*** Opening Given information ***
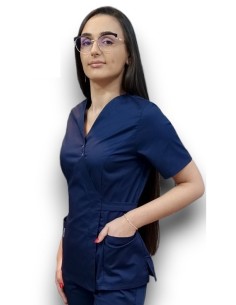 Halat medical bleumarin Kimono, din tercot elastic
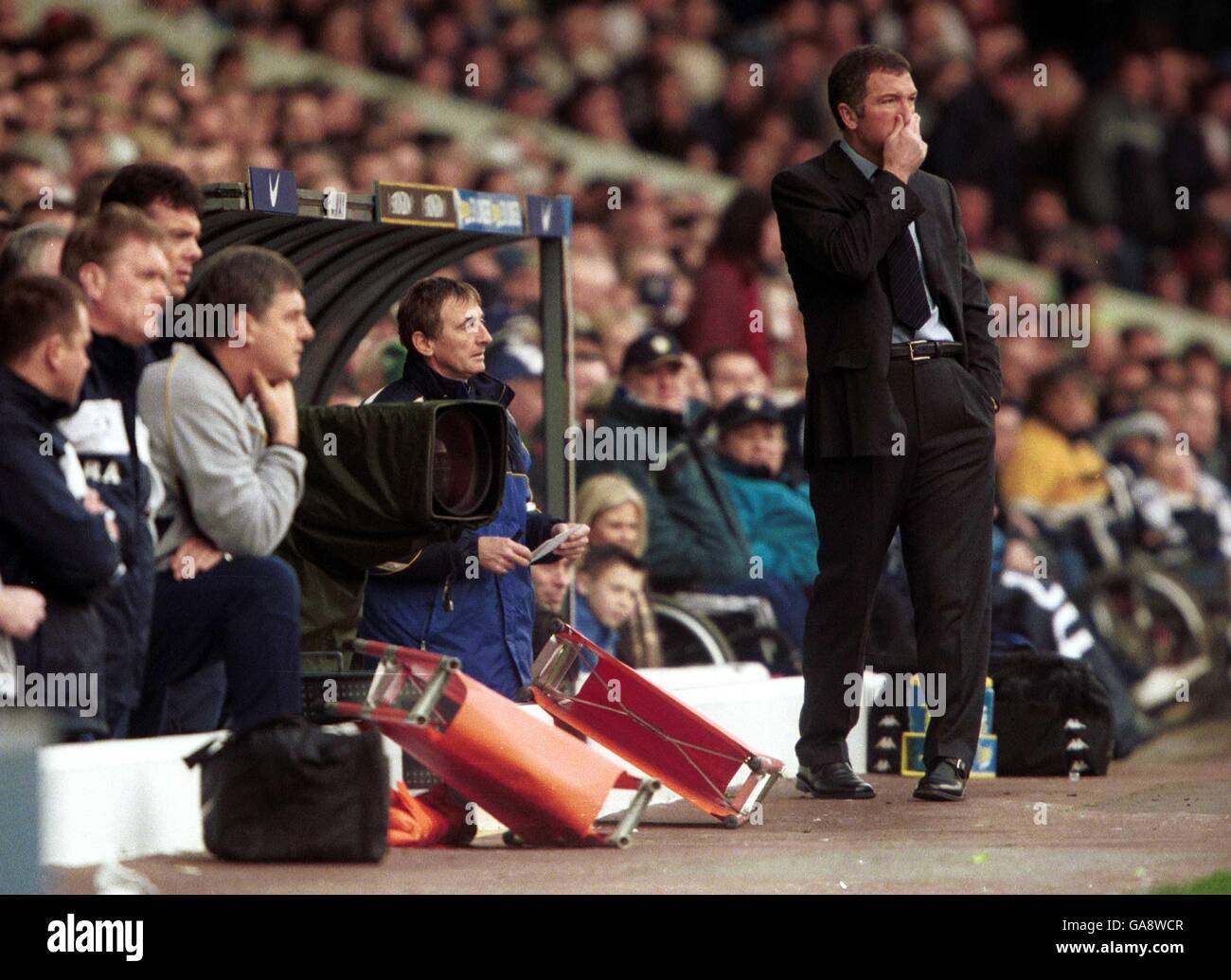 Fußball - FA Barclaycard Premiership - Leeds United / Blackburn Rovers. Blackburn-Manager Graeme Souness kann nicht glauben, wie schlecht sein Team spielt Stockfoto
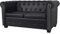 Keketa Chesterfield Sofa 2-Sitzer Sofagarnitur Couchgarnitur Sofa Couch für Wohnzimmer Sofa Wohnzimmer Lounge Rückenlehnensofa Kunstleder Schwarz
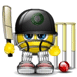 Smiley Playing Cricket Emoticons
*** Closing Given information ***
Aim of the exercise: Repeat the listing above exactly, omitting the pictures it contains.

Expected output:
 Halat medical bleumarin Kimono, din tercot elastic
 Fußball - FA Barclaycard Premiership - Leeds United / Blackburn Rovers. Blackburn-Manager Graeme Souness kann nicht glauben, wie schlecht sein Team spielt Stockfoto
 Keketa Chesterfield Sofa 2-Sitzer Sofagarnitur Couchgarnitur Sofa Couch für Wohnzimmer Sofa Wohnzimmer Lounge Rückenlehnensofa Kunstleder Schwarz
 Smiley Playing Cricket Emoticons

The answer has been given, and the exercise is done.